EU-Ratspräsident Tusk zu Flüchtlingskrise : "Das Dublin-System funktioniert nicht"

"Wir haben die Kontrolle über die EU-Außengrenzen verloren", sagt EU-Ratspräsident Tusk im Interview. Er fordert: "Wir müssen unser Denken verändern."

von und Christoph von Marschall
Flüchtlinge gehen am 27.10.2015 auf einer Straße in Rigonice, Slowenien. Die Asylsuchenden werden von der Polizei zu Bussen geführt. Die Busse sollen die Flüchtlinge in eine Notunterkunft und zur Registrierung bringen, danach werden sie mit Zügen weiter nach Österreich gebracht.
Flüchtlinge gehen am 27.10.2015 auf einer Straße in Rigonice, Slowenien. Die Asylsuchenden werden von der Polizei zu Bussen...Foto: dpa

Präsident Tusk, im EU-System vertreten Sie die nationalen Regierungen der Mitgliedstaaten. Werden die ihrer Verantwortung in der Flüchtlingskrise gerecht?
Diese Krise ist die schwerste überhaupt für die EU, viel schwieriger als die Euro-Krise. Mehr als 10.000 Migranten treffen jeden Tag ein. Europa ist von Mächten umgeben, die andere politische Systeme haben und andere Ziele verfolgen. Darunter sind auch gescheiterte Staaten. Zum ersten Mal wird die Außengrenze wirklich getestet.

In einer außerordentlichen Lage wünschen sich die Bürger außerordentliche Anstrengungen zur Lösung. Welche Note geben Sie den EU-Staaten?
Die Staaten haben noch kein gemeinsames Verständnis, was das europäische Interesse hier ist. Manche sehen sich als reine Transitländer für die Migranten. Für die Staaten an den Außengrenzen ist es eine Überforderung, die Regeln des Dublin-Systems durchzusetzen.

… wonach der erste EU-Staat, den ein Migrant erreicht, ihn registrieren und sein Aufnahmegesuch bearbeiten muss.

Wir befinden uns jetzt zwischen dem Dublin-System, das nicht funktioniert, zu dem wir aber auch noch keine Alternative haben, und einem neuen Recht für die Aufnahme, auf das wir uns erst einigen müssen. Für Deutschland und Schweden, wohin fast alle wollen, ist jetzt Solidarität das Wichtigste. Wir haben die Kontrolle über die Außengrenzen verloren. Uns fehlt die Infrastruktur, zum Beispiel die Hotspots. Deshalb müssen wir unsere Denkansätze verändern. Wir müssen die Kontrolle über unsere Außengrenzen zurückgewinnen.

Über eine Million Menschen treffen in diesem Jahr ein. Die EU-Staaten haben eine Verteilung von 160.000 vereinbart.
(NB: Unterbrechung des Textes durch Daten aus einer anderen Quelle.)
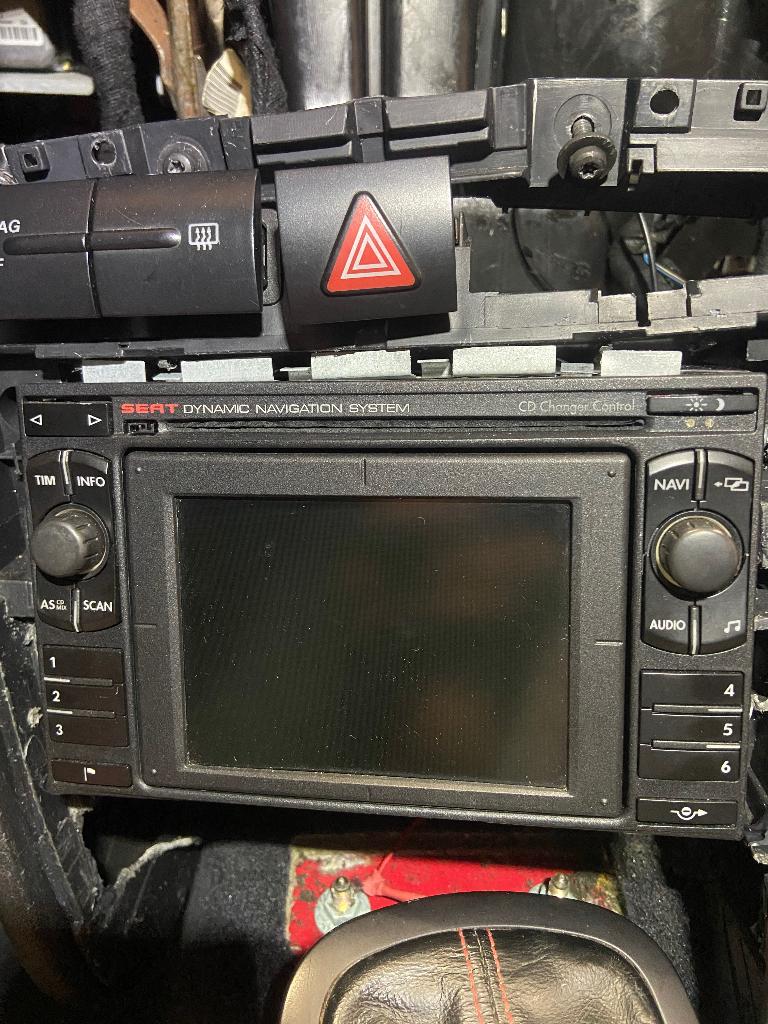 Autoradio seat, Autos : Pièces & Accessoires, Enlèvement, Seat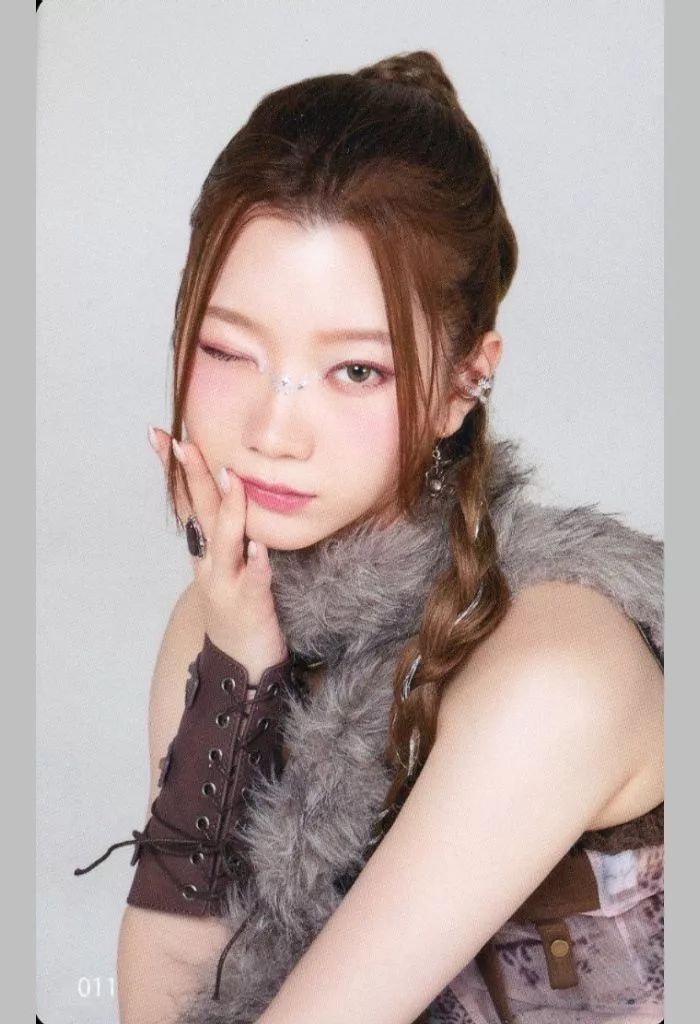 中古】コレクションカード(女性) 011：IS：SUE/RINO(坂口梨乃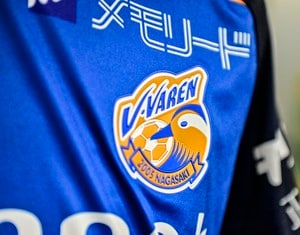 「わぁ可愛い」「素敵！」J2長崎の花が咲き乱れる2024“平和祈念ユニフォーム”が美しい！「欲しすぎる…」「キーパーユニデザインめちゃくちゃイイ！」と好評の画像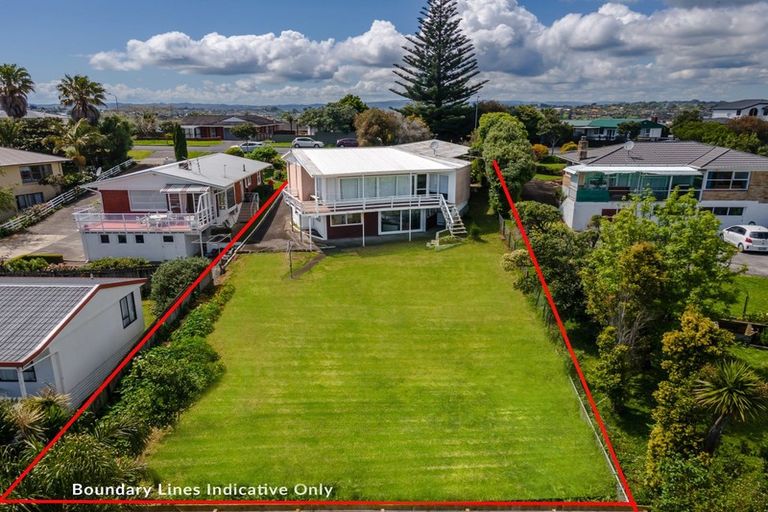 Photo of property in 105 Bradbury Road, Botany Downs, Auckland, 2010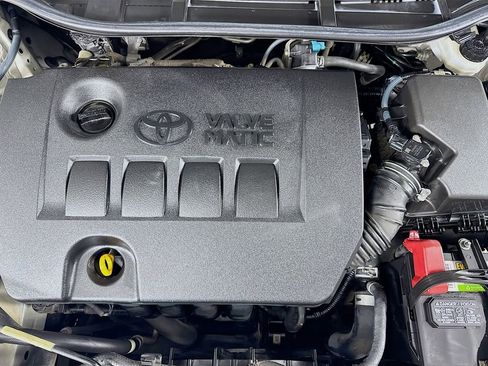 Used 2017 Toyota Corolla iM image 35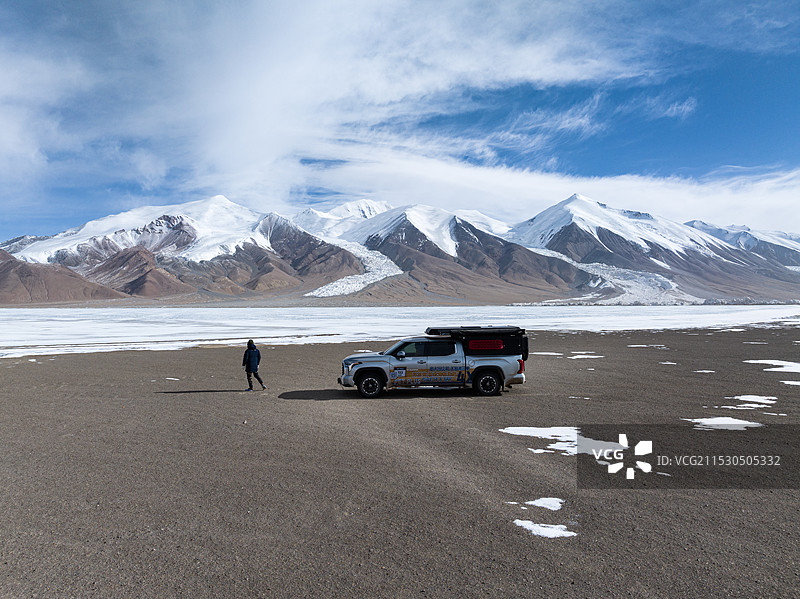 可可西里无人区雪地中行驶的车图片素材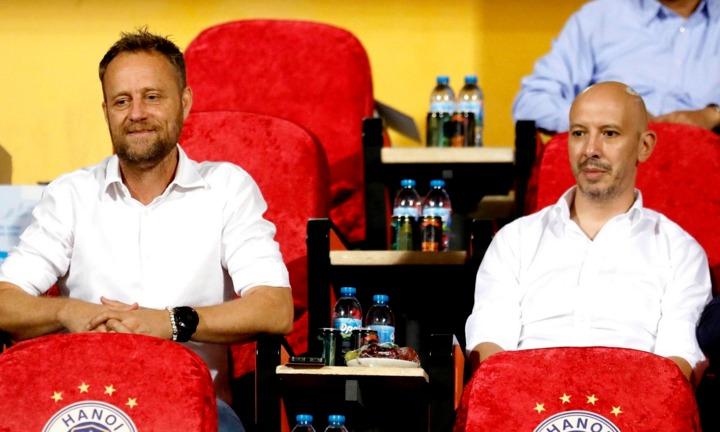 HLV Polking đưa trợ lý tai tiếng đến CLB Công an Hà Nội-2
Aber nur gut hundert sind tatsächlich umgesiedelt worden. Warum geht das nicht schneller?
Keine Regierung ist bereit, die Migranten dazu zu zwingen. Das ist das Haupthindernis. Und die Migranten machen nicht freiwillig mit. Sie haben Deutschland als Ziel gewählt. Es klingt wie ein Scherz, aber Flüchtlinge haben sich geweigert, nach Luxemburg zu gehen.
… den EU-Staat mit dem höchsten Pro-Kopf-Einkommen.
Ja, sie finden das unzumutbar. Ob wir nun über die Verteilung der Migranten auf die EU-Staaten oder die Außengrenzen reden, am Ende landen wir immer bei der Frage: Wer ist bereit, unsere Vereinbarungen und Regeln durchzusetzen?

Die EU muss bereit sein, einen Migranten dazu zu bringen, auch Polen oder Tschechien als Aufnahmeland zu akzeptieren?
Ja, zum Beispiel. Die EU hat aber keine eigenen Polizisten oder Grenzwächter, die die vereinbarte Ordnung durchsetzen. Das müssen die Mitgliedstaaten tun. Als wir zum ersten Mal die Idee eines europäischen Grenzschutzes diskutierten, waren viele Regierungen skeptisch. Der Schutz der Grenzen sei eine nationale Aufgabe, hieß es. Handeln wollen sie dennoch nicht. Deshalb sage ich: Wir müssen unser Denken verändern. Solange wir nicht die Kontrolle über die Außengrenzen zurückgewinnen, werden weder Verteilungsschlüssel noch Umsiedlung funktionieren.

Bis zu welchem Zeitpunkt sollen die ersten 50.000 Migranten umgesiedelt sein?
Der Europäische Rat hatte beschlossen, dass die Hotspots Ende November betriebsbereit sind. Es geht also nicht mehr um Absichten, sondern um die Umsetzung.